PatientPoint, which makes education and engagement platforms for patients and providers, has raised $140 million in new funding from Searchlight Capital Partners and Silver Point Capital. The company, which provides content through a variety of delivery methods including digital waiting rooms and interactive touchscreens in exam rooms. The firm’s programmes are currently in more than 31,000 doctor’s offices and 1,000 hospitals around the United States, and the company reports some half a billion patient and caregiver visits each year. “We have invested a significant amount of financial and human capital into product development over the past six months to ensure that our programs are truly best in class,” PatientPoint founder and CEO Mike Collette said in a statement. PatientPoint develops all of its content internally, and offers a few information resources, such as PatientPoint Interact, a wall-mounted touchscreen device located in exam rooms for patient education.

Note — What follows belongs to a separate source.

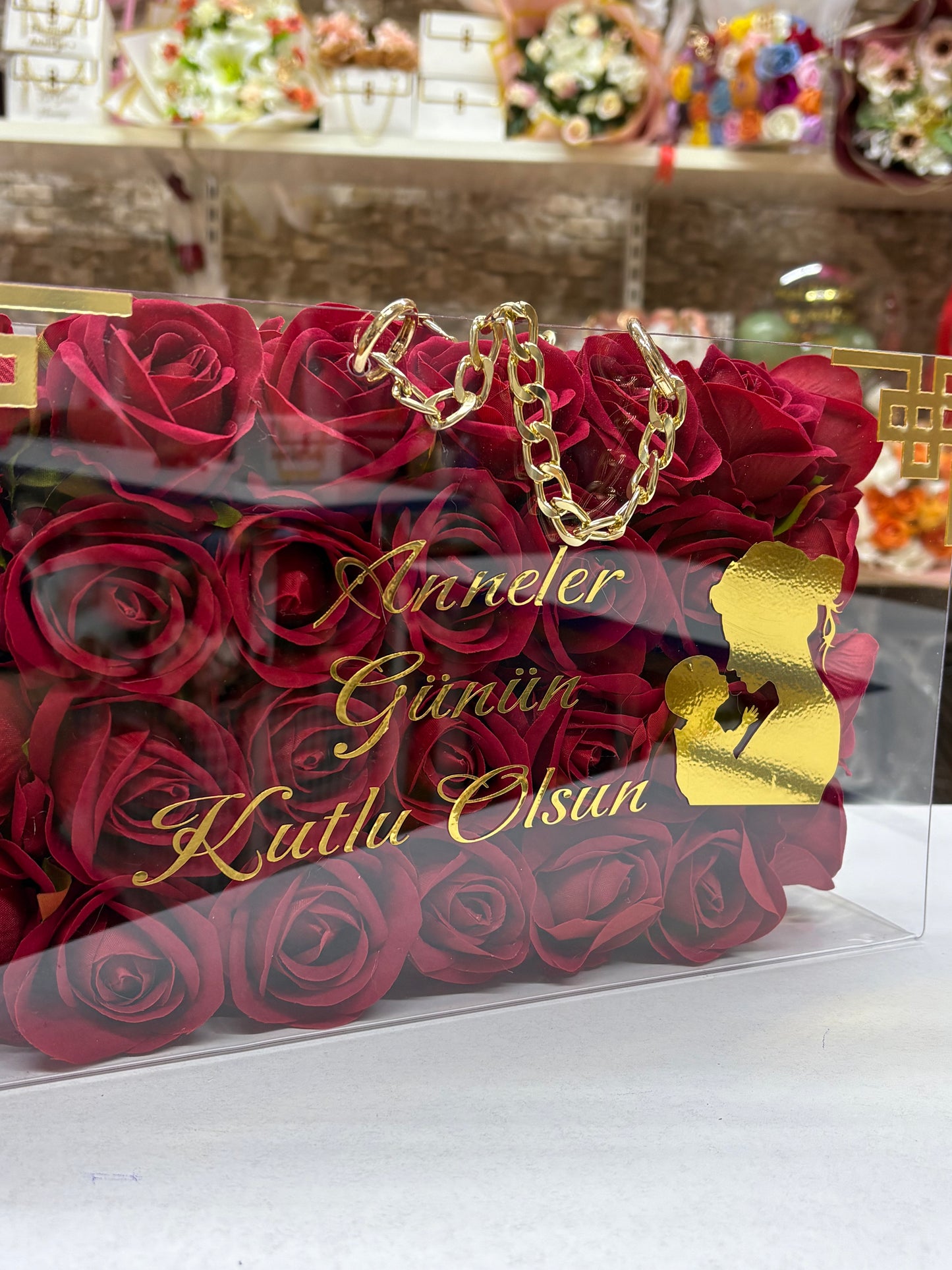 47’li Premium Kırmızı Gül Kutusu – Anneler Günü Özel Tasarım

A new cardiac scanning device that could save the NHS £200 million a year is being trialled at four of the UK’s largest emergency departments in Bristol, Nottingham, Leicester and Sheffield. The Vitalscan device, which has been developed by Creavo Medical Technologies and could revolutionise the way patients with chest pain are managed in emergency departments, the device works by conducting a non-invasive three to five-minute scan at a patient’s bedside to rule out significant cardiac conditions, such as heart attacks. Steve Parker, CEO of Creavo Medical Technologies says: “Cardiac-related chest pain is one of the biggest issues facing emergency departments in the western world due to the economic burden it places on healthcare services and the disruption it causes to inpatient care. The triage process for someone entering an emergency department with chest pain can take anywhere from six to 24 hours which places a huge amount of strain on resources.”